Josephine Wolff wrote for Future Tense about the effect of the Computer Fraud and Abuse Act:
What is illegal to do on a computer? When I teach technical computer science majors about cybersecurity policy, that is one of the first questions I tackle. But the answer changes from semester to semester as courts issue new rulings on what constitutes illegal hacking under the Computer Fraud and Abuse Act. Just last week, on July 5, the Ninth Circuit Court of Appeals issued a decision about shared passwords that highlighted, yet again, how much ambiguity and uncertainty there still is around the CFAA even though it was passed 30 years ago.
The ruling was widely reported as meaning it is illegal for people to share their account passwords with anyone else (sample headlines: “Federal court rules that sharing your Netflix password is a federal crime,” and “Federal Court Rules That Password Sharing Is Illegal Under Insane Ancient Law”).
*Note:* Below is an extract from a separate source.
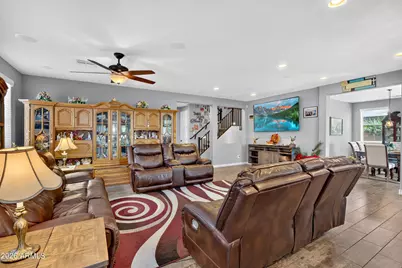16259 W Cortez Street, Surprise, AZ 85379 - Photo 2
It’s true that the case hinged on the illegality of sharing a password (though not a Netflix password), and it’s true that—by a 2–1 majority—the court decided this particular instance of password sharing was a violation of the CFAA. But as is often the case when dealing with CFAA rulings, the implications of the decision are probably not as clear-cut (or as dramatic) as “all password sharing is illegal all the time.”